Whereas these pets are docile, gentle and loving, there are some incidences where they can attack - scratch or bite you, other rabbits or pets. When they are on such a vicious streak, they can cause injury since they have big sharp incisors.
What to do in case of a rabbit attack
Many things can cause rabbit aggression and this aggression may make your furry friend or even a wild rabbit attack you. In case this happens, here is what you should do.
Do not punish or hit it
An attack, especially if the rabbit bites or scratches you may make you scream, take off, kick it or toss it around. However, you should not do this as you will only be worsening things or encouraging this behavior.
Instead, show strength and do not run away. Gently push its head to the ground to show dominance and take it to its cage. This makes it associated with the caging with its bad behavior.
Although you should not scream, a shriek is ok to make it understand that it has caused pain in you. However, screaming too much may scare or stress it and this is one of the triggers of rabbit aggression.
Clean any area injured
In case during the attack you sustain an injury such as a bite or scratch, you need to thoroughly clean the area with water and soap and apply an antiseptic ointment to avoid infections.
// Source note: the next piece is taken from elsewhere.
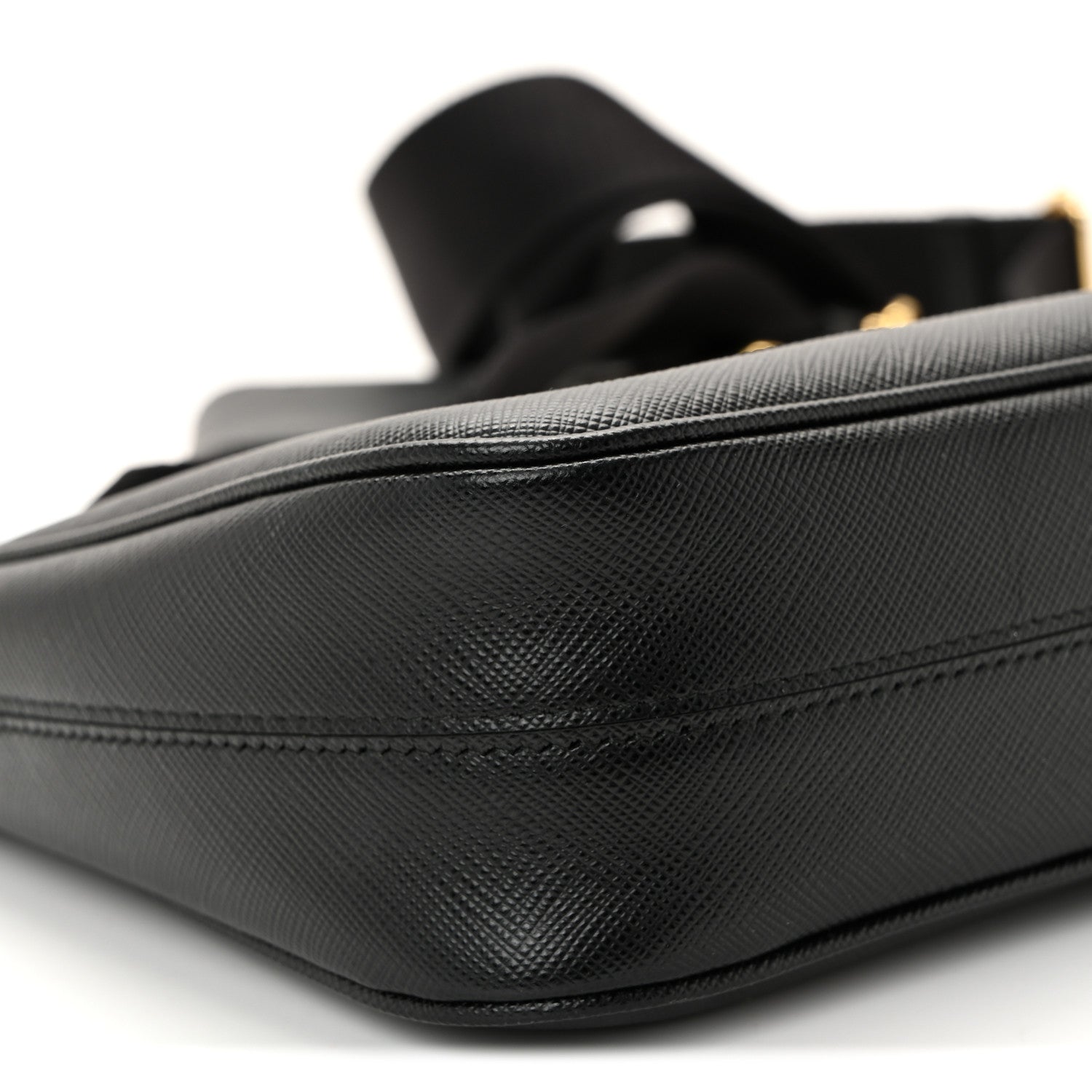 Prada Saffiano Lux Re-Edition 2005 Shoulder Bag Black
If you have Puracyn Plus Wound and Skin Cleanser, you are good to go.
Deep bites might require the intervention of a doctor if they are bleeding profusely.
Why did it happen
The attack may have happened all over a sudden. You need to try investigating why the incident happened. Did you scare, threaten, offend, hurt or try to pick it wrongly? Did you go to its territory especially if it is pregnant or has a litter? There must be a trigger.
Various things including sickness, pain, stress, fear, a surge in sex hormone, pregnancies (including false pregnancies), and frustration may cause aggression.
Do not repeat the incident
Once you discover what caused the aggression, ensure you do not repeat it. If it is health-related such as pain, or sickness let your rabbit savvy vet do a diagnosis and treat the cause.
Any incident that makes a bunny hostile can affect the good relationship you have with your pet. You need to find means of mending it.
Bond with it
After the incident, you should not shy away from your furry critter. You need to spend more time with it, train and bond with it.
Going to the same level such as sitting on the ground, giving it rewards (treats) may help correct this undesirable behavior.
Effective bonding will need you to be patient and you should give you enough room to decide whether it wants to come close to you or not and do not force anything on it.